Segment Open

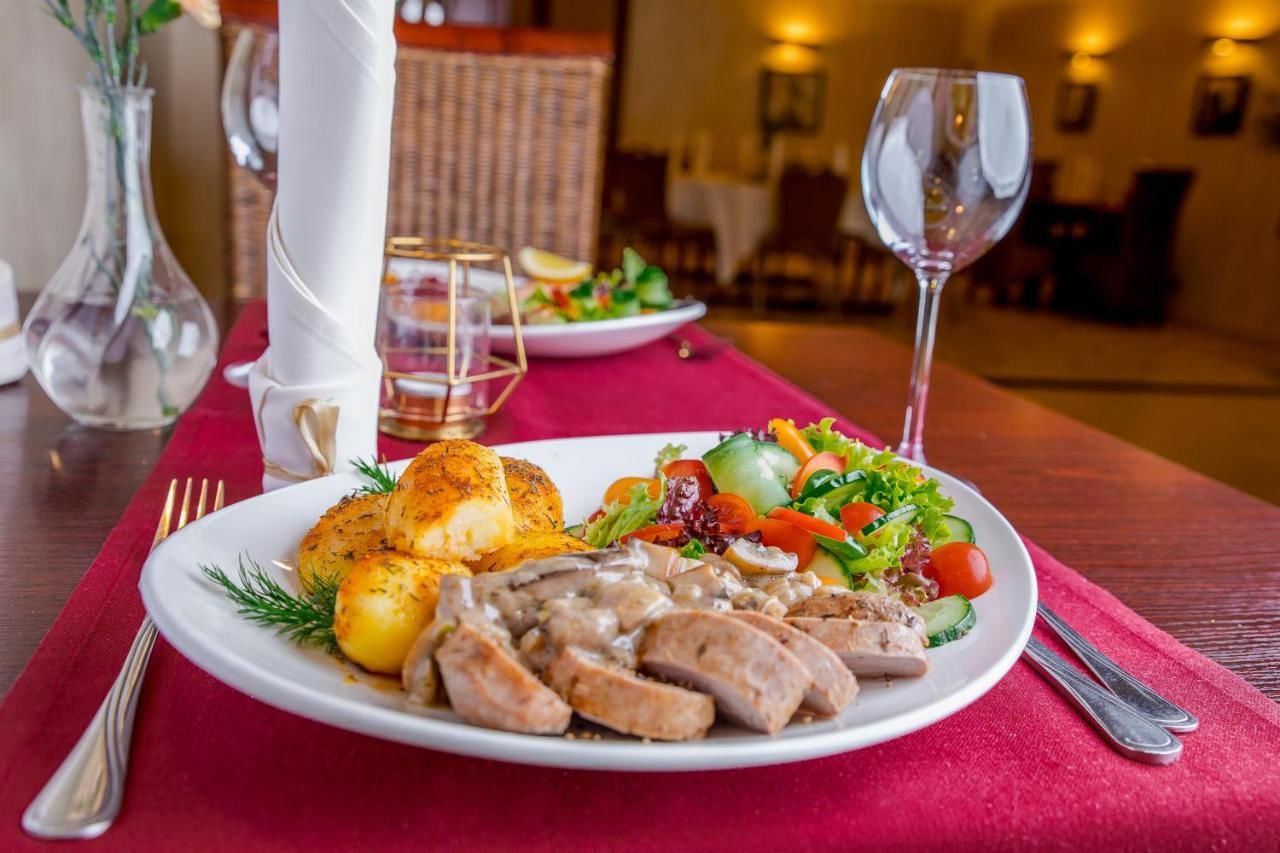 Отель Hotel Diament Vacanza Katowice - Siemianowice Семяновице-Слёнске-36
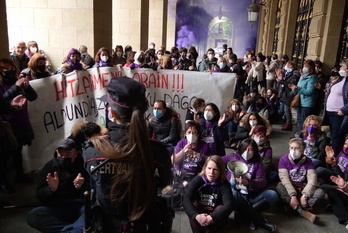 Sentada de las trabajadoras de las residencias ante la sede de la Diputación de Gipuzkoa. 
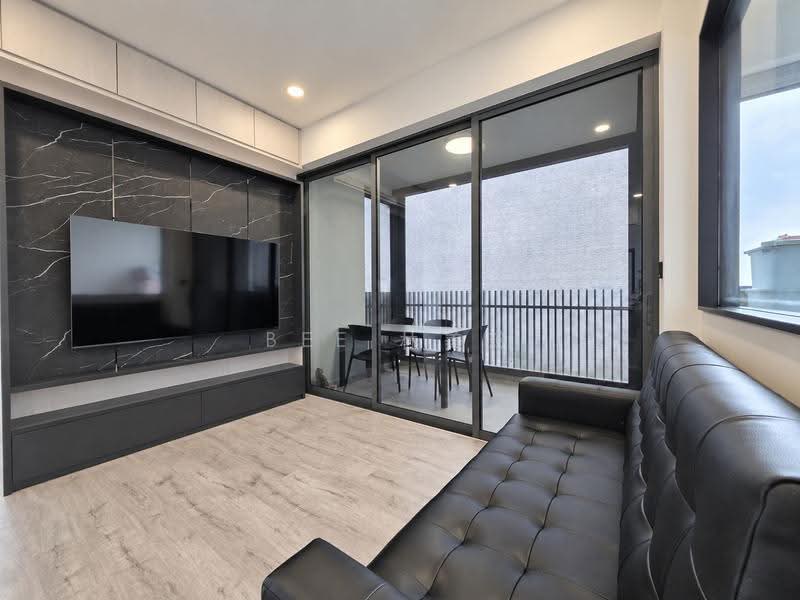 J Gateway, Boon Lay / Jurong / Tuas, 3 Bedrooms, 893 sqft, Condominium For Sale, by Bee 林美玲, 500266292 - Living Room - PropertyGuru.com.sg
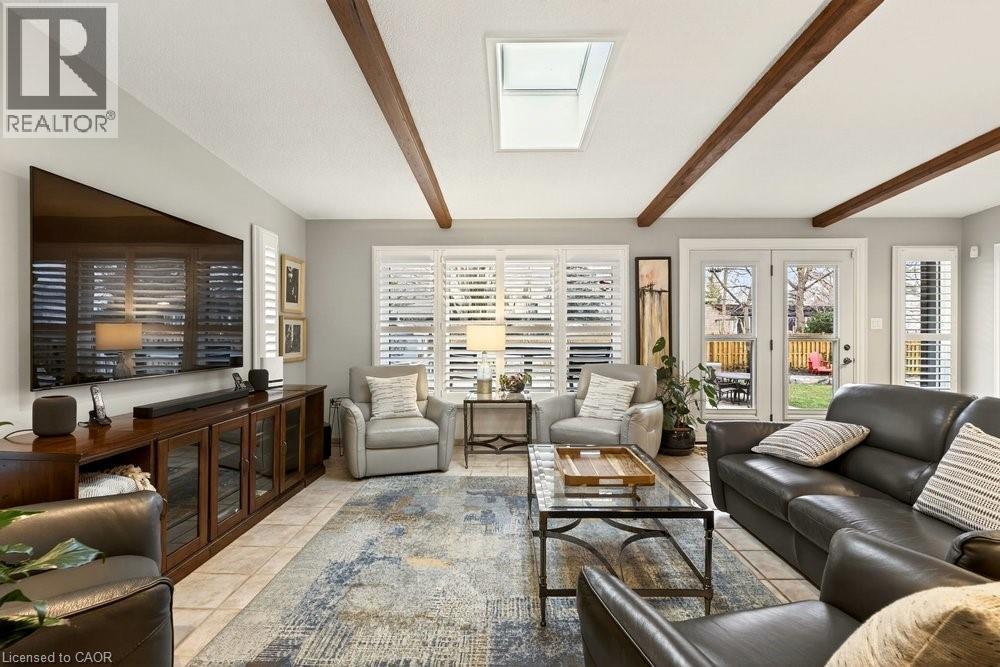 29 Woodside Drive, Hamilton, ON - Indoor Photo Showing Living Room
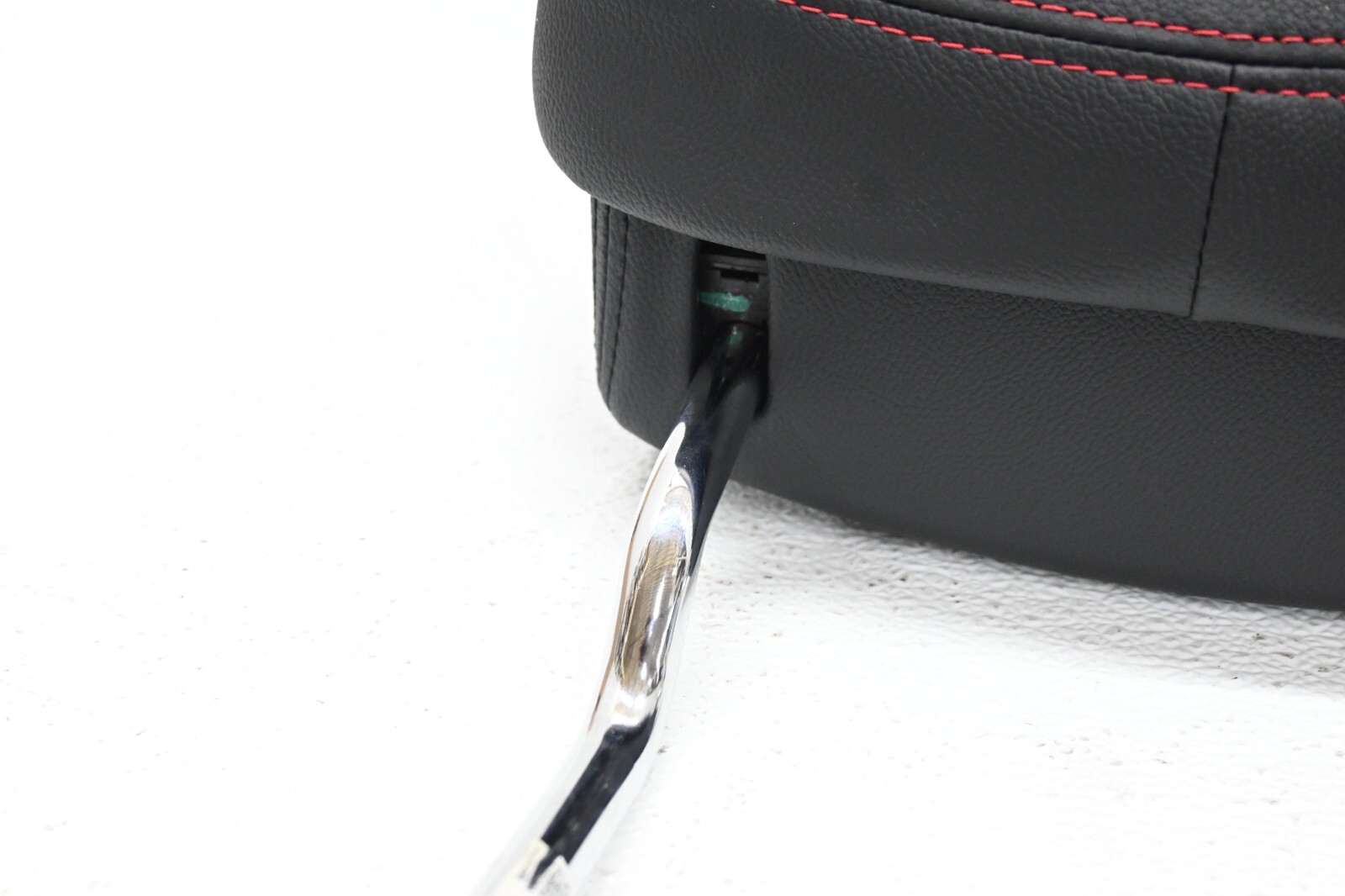 ⭐ 14-22 Maserati Ghibli Front Seat Headrest Restraint Leather Trim Black Oem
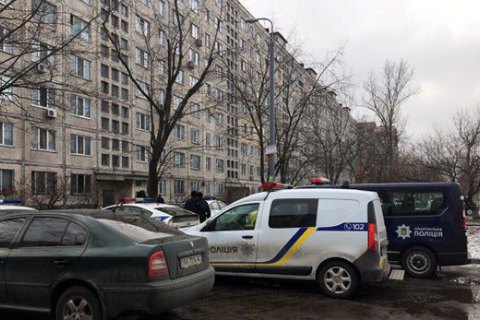 Поліція Києва зі стріляниною затримала чоловіка, який забарикадувався в квартирі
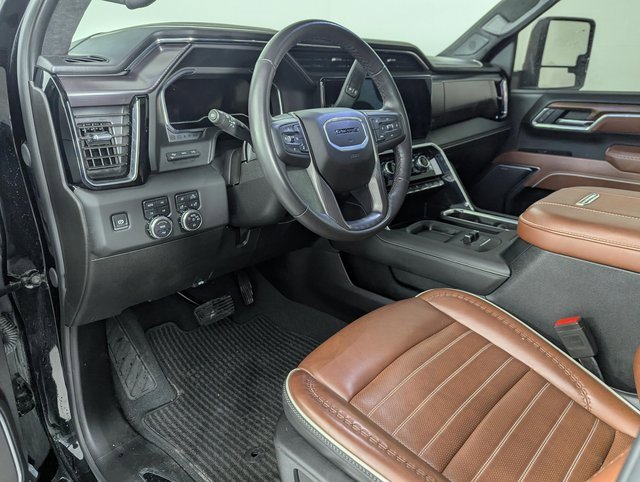 Used 2025 GMC Sierra 2500 Denali Ultimate image 12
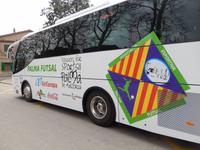 Für sportliche Gäste einen sportlichen Bus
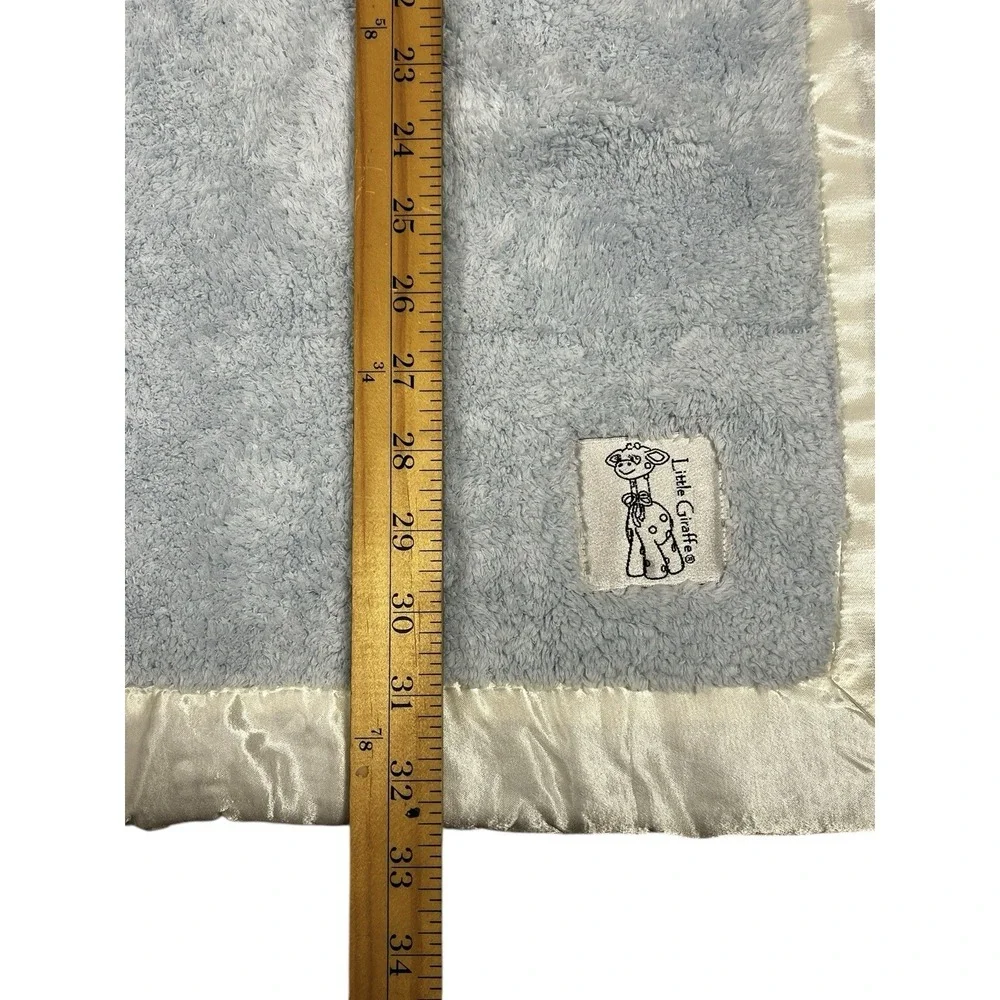 Little Giraffe satin has
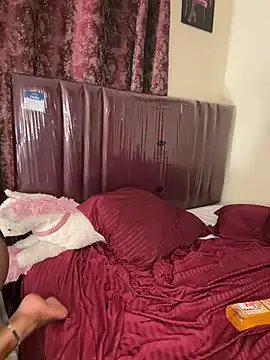 Ruthlessvee on StripChat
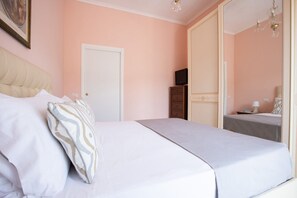 2 habitaciones, tabla de planchar con plancha y cuna de viaje 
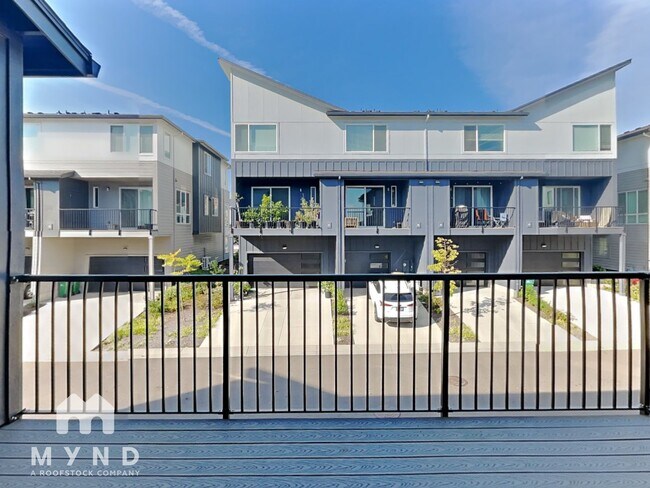 Building Photo - 17231 SW Goldcrest Ln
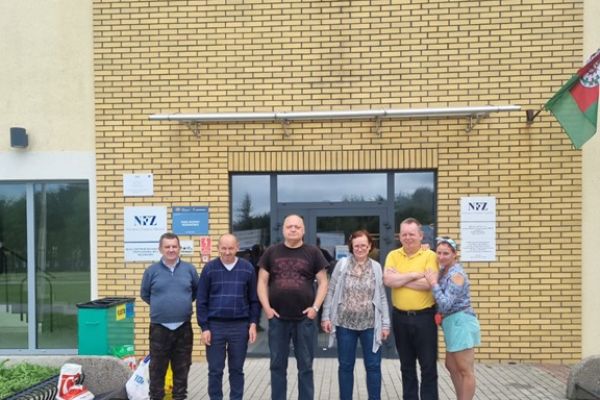 Mierszkańcy przed budynkiem basenu.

Segment Closed

■ **Goal of the exercise**
Your copy should consist solely of the lines from the line containing "Trim Black Oem" through the last line of the records above, reproduced exactly, with the pictures left out.

■ **Answer area**
 ⭐ 14-22 Maserati Ghibli Front Seat Headrest Restraint Leather Trim Black Oem
 Поліція Києва зі стріляниною затримала чоловіка, який забарикадувався в квартирі
 Used 2025 GMC Sierra 2500 Denali Ultimate image 12
 Für sportliche Gäste einen sportlichen Bus
 Little Giraffe satin has
 Ruthlessvee on StripChat
 2 habitaciones, tabla de planchar con plancha y cuna de viaje 
 Building Photo - 17231 SW Goldcrest Ln
 Mierszkańcy przed budynkiem basenu.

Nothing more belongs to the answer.